That table contains four columns, each representing a different method of scoring that retailer's customer satisfaction. The first column is the mean of the six-point rating (six is best) for the question "Overall, I am satisfied with this store." The second column is the mean of the 11-point rating for "I would recommend this store to others."

The third column is the score this retailer received from the American Customer Satisfaction Index (if available). The ACSI is an economic indicator based on customer evaluations of the quality of goods and services purchased in the United States. The 12-year-old index was developed by the National Quality Research Center at the Stephen M. Ross Business School at the University of Michigan. For the ACSI, survey respondents are randomly selected via automatic phone dialers, and data collected via one-on-one interviews. For a company to be included in the ACSI, it must have 250 responses. Because the ACSI measures in a scientific way what we are attempting to measure here, we've included the ACSI results when possible as a means to provide some sort of validation for our own results.

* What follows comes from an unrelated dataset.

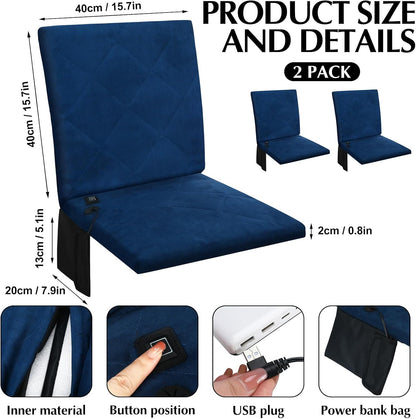 Thyle Portable Heated Seat Cushion for Bleachers Foldable Heating Cushion 3 Mode Adjustable Heated Stadium Chair Bleacher Seat for Bleachers Indoor, Power Bank Not Included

The last column in figure 1 is the Net Promoter score for that retailer. The Net Promoter score was co-developed by Fred Reichheld, a well-known loyalty expert, and Laura Brooks, Ph.D., of Satmetrix. The Net Promoter score is based on one "ultimate" question: "How likely are you to recommend this store to friends or colleagues?" In our case, we used the "I would recommend this store to others" item. The question is scored on a 10-point scale, with zero representing least likely. The Net Promoter score is the percentage of respondents giving a score of 9 or 10 (promoters), minus the percentage of those giving a score of 0 to 6 (detractors). The Net Promoter score is purported to be an accurate measurement of customer loyalty. Because the Net Promoter score is the hot new thing in customer loyalty measures, we have opted to use it here.

Though its methodology and questions are quite different from Quality Digest's , there was a reasonable degree of correlation between ACSI's results and ours. With a few exceptions, higher ACSI scores correspond to high Net Promoter scores. The same is true for midrange and low scores.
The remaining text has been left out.